Rex Ryan's first season in Buffalo has certainly caught the attention of the team's former players. Bills legend Thurman Thomas weighed in Thursday on Ryan, and what it will take for him to be successful during his tenure.
"When you bring in a coach like Rex Ryan, I think at the end of the season, he learned to (be) like, 'I can't be saying a lot more stuff. I can't be saying stuff like I did in the past. I got to really go out and prove that I'm worthy of being a head football coach in the National Football League,'" Thomas said on CBS Sports Radio, via ESPN.com. "So I think this year, coming into it, you're going to see a different Rex Ryan. I think that's gonna be a shocker to a lot of different people around the country.
"But I think he's learned his lesson. You have to perform on the field. And when you talk as much as he did last year, and the performance wasn't there, a lot of people are going to doubt, 'Are you the right coach for the Buffalo Bills?' And I think now, he's into his second year, I expect him to go to the playoffs. But we'll wait and see on that."
In terms of being the right coach, Ryan ended up being a solid choice. He energized the fan base, and pushed his general manager to sign and trade for high-profile talent. He pushed his staff to develop a quarterback in Tyrod Taylor and managed to set the team up to compete in 2016. But Ryan will always be the victim of his own honesty and passion, which is why so many of the same things were said about him during his tenure with the Jets.
After New York reached back-to-back AFC title games, Ryan was accused of talking too much and placing a target on the backs of his players.
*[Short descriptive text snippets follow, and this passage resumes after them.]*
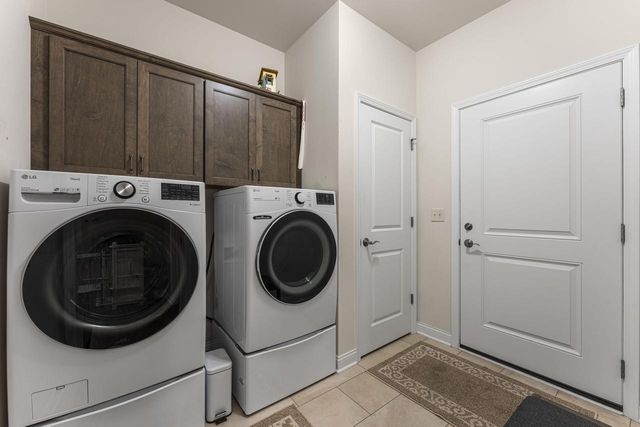 21975 W North AVENUE, Brookfield, WI 53045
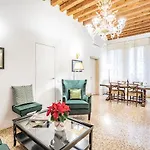 Ca\' San Beneto Completely Refurbished In A Fabulously Central Area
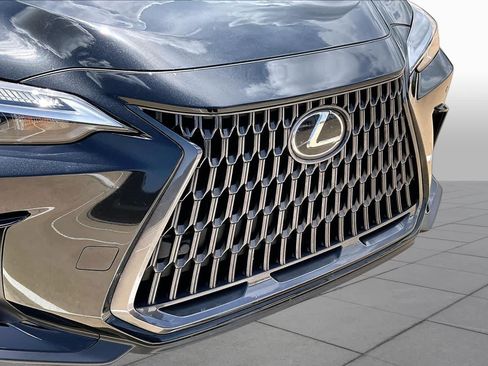 Used 2025 Lexus NX 250 FWD w/ Premium Package image 30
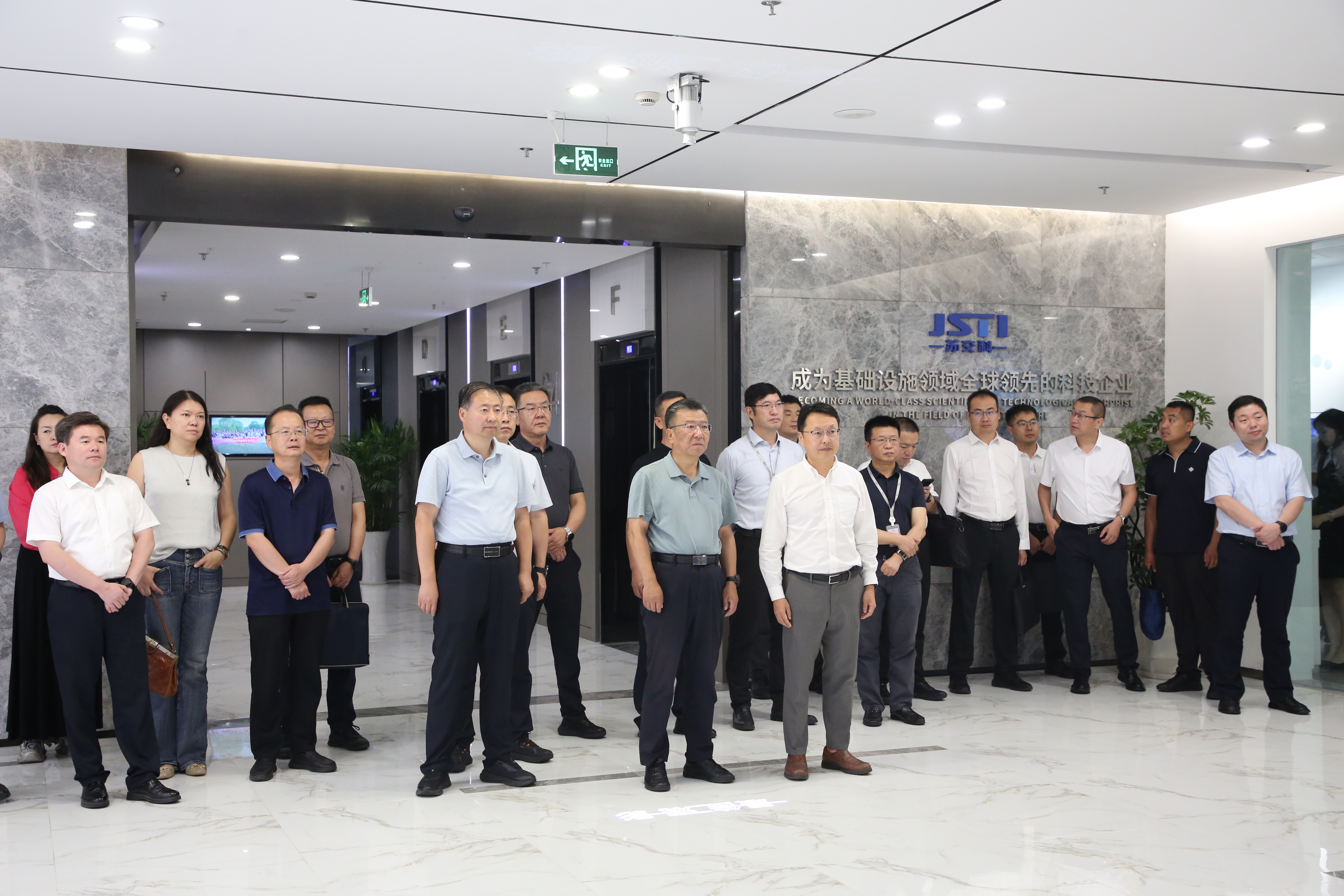 1757921981298415eeT3.jpg 522A5385.JPG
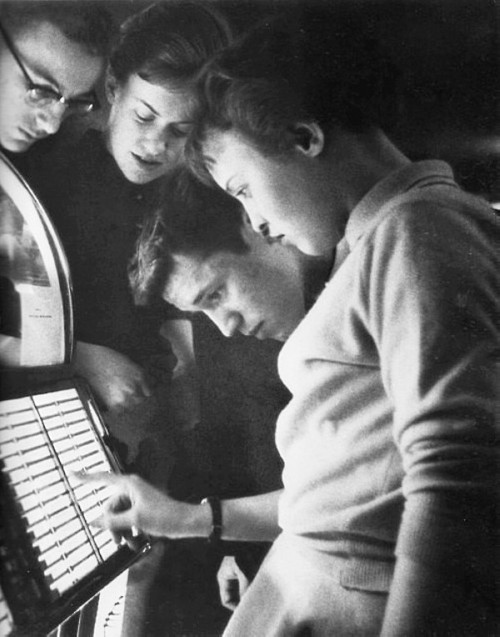 wehadfacesthen: Teenagers choosing a song on the juke box, 1950′s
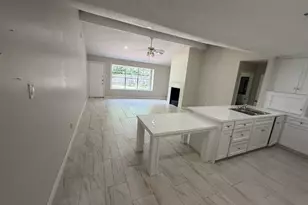 10422 Cedar Towne Ln, Sugar Land, TX 77498 - Photo 4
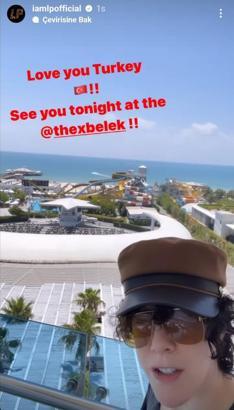 Antalya'ya gelen ABD'li şarkıcı LP'den 'Love you Turkey' paylaşımı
He ended up muzzling himself as the team slowly pushed away from the same energy that brought the franchise its most recognition in decades.
That Rex Ryan was sad, combative and nowhere near the joy he is when he can be himself. Thomas told CBS Sports Radio that a different Rex Ryan would be a "shocker" to the country. Would it be? Or would it be a repeat of everything we grew to mourn during the tail end of his tenure in New York?